The sisters tried to get that thought off their minds by telling the soldiers stories.
The soldiers need not have worried. That same night, Cardinal Sin went on the air and called on the people to Mass on EDSA to defend Enrile and Ramos from an attack by Marcos loyalists in the military.
The crowd would grow to hundreds of thousands in the days to come, spelling the end of the dictatorship.
Sister Maribel served as principal of St. Anthony Academy in Northern Samar from 2002 to 2005. She is active with the Diocesan Social Action Network and is a council member of the National Anti-Poverty Commission.
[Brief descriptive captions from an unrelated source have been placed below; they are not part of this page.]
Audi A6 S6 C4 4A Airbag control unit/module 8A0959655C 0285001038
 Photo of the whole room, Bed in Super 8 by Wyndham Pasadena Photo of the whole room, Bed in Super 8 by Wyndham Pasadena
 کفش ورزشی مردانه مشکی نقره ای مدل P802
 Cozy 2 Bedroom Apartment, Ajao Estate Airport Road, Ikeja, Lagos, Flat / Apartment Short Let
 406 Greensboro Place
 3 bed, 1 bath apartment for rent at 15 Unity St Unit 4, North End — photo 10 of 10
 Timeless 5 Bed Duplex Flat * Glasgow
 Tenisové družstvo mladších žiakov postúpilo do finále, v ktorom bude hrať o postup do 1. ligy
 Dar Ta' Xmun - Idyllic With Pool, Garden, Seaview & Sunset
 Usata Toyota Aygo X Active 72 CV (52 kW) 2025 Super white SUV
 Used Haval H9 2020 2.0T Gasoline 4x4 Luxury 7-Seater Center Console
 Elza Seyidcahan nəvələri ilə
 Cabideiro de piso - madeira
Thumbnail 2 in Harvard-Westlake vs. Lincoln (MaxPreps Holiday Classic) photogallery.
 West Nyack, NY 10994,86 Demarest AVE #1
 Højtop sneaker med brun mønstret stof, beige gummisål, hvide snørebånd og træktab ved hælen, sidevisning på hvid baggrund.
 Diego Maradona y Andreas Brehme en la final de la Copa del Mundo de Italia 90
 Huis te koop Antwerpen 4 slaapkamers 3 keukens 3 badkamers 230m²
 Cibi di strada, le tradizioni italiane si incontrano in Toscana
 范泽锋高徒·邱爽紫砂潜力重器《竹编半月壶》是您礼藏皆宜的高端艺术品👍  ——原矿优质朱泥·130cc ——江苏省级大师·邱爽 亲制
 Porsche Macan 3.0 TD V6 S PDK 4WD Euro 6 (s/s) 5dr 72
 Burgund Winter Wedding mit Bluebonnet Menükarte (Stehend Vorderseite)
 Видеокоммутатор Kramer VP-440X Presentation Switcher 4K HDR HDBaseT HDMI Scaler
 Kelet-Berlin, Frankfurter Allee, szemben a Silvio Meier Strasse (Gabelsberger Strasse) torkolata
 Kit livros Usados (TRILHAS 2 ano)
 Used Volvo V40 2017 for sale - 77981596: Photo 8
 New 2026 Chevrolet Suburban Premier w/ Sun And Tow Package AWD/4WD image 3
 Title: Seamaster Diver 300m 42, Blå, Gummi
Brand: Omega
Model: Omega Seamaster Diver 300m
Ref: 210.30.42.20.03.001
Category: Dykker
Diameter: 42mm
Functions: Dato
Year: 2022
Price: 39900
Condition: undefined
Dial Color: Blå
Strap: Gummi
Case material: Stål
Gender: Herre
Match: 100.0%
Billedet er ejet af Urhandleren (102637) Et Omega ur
Sister Digna is a member of the Sacred Heart Institute for Transformative Education (SHIFT) Foundation based in Northern Samar. Both Sisters Maribel and Digna belong to the Diocese of Catarman.
Sister Edy belongs to the Diocese of Cubao.
• RADIO VERITAS, FR. JAMES REUTER, JUNE KEITHLEY-CASTRO, SISTER SARAH MANOPOL, PABLO AND GABE MERCADO
Despite the media censorship, Filipinos had a blow-by-blow account of the revolution through Radio Veritas.
After announcing their breakaway from Marcos on Feb. 22, Enrile and Ramos asked Fr. James Reuter to go on the air and give guidance to the people.
At that time, June Keithley was working at Xavier House in Sta. Ana, Manila, which served as the center of the Philippine Federation of Catholic Broadcasters (now the Catholic Media Network).
From Xavier House, Reuter sent Keithley to the Church-run Radio Veritas, which broadcast Cardinal Sin’s historic appeal for the people to go to EDSA.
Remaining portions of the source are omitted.